A very special evening took place at the Greek Embassy in London on Wednesday, at a private viewing of the “Lord Byron and the John Murray Archive” collection. Jointly organized by Greek Ambassador Vassilis Pispinis and Lady Balfour of Burleigh, trustee of the National Library of Scotland and Chairman of the Campaign for the John Murray Archive, the event featured manuscripts written by the hand of, or related to Lord Byron.

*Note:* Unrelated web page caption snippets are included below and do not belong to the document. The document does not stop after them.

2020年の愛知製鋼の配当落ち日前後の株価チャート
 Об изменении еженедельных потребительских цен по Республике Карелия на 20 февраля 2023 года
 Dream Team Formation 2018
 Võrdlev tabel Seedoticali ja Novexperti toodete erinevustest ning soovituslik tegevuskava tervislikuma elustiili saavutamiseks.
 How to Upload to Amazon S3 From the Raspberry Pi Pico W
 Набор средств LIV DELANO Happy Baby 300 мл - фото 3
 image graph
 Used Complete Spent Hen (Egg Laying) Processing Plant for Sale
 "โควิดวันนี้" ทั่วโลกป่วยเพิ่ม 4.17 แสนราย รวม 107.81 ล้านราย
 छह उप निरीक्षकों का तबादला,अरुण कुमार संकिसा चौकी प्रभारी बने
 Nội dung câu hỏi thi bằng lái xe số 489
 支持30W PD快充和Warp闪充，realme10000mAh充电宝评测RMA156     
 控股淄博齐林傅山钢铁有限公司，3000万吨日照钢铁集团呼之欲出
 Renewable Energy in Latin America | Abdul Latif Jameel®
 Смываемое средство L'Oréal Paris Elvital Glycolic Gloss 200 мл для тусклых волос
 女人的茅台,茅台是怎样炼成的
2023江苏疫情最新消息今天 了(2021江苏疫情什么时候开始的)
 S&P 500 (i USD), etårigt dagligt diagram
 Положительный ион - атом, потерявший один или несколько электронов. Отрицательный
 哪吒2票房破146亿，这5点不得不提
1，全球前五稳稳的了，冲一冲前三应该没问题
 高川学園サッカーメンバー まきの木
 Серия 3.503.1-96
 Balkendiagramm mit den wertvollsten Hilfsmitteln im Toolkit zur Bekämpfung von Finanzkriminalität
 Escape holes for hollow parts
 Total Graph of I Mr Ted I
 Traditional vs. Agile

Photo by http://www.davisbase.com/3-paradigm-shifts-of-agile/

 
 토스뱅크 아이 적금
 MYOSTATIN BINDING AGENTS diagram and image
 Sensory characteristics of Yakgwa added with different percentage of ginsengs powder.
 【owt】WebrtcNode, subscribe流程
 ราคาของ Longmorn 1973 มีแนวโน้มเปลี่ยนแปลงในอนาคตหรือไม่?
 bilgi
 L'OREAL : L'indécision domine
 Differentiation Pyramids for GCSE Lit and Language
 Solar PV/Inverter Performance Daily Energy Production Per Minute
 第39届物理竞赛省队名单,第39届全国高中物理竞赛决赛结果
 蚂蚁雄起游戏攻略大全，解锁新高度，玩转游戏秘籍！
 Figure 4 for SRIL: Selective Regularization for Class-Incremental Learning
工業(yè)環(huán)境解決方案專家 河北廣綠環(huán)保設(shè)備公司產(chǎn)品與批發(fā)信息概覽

The documents are part of the John Murray Archive which has now been acquired by the National Library of Scotland. In his address, Ambassador Pispinis noted: “Lord Byron’s passionate association with Greece is one of the pivotal links which bring together our two countries. The treasures on show this evening bear witness to the poet’s love for Greece, its culture, its language and, especially, its people. These documents also attest to the fact that Byron established a pattern in the relationship between Greece and Britain, which has endured, in peace and war. Through his personality, his genuine interest and his poetry, he also shaped the way his continental contemporaries saw Greece. Before Byron, Europeans looked at Greece almost uniquely from a classical perspective, as an object of antiquity. Byron radically changed that perception. Through his verses he wrote while in Greece, he revealed to the world a picture of a country full of passion and color, still very much alive, a country peopled by contemporary living beings deserving better than the fate which was theirs.”

The private viewing included a notebook belonging to Lord Byron with words and phrases written in Greek, his last diary, “Cephalonia Journal, 1823-1824” as well as an excerpt from his unfinished poem, “Aristomenes, Canto First.”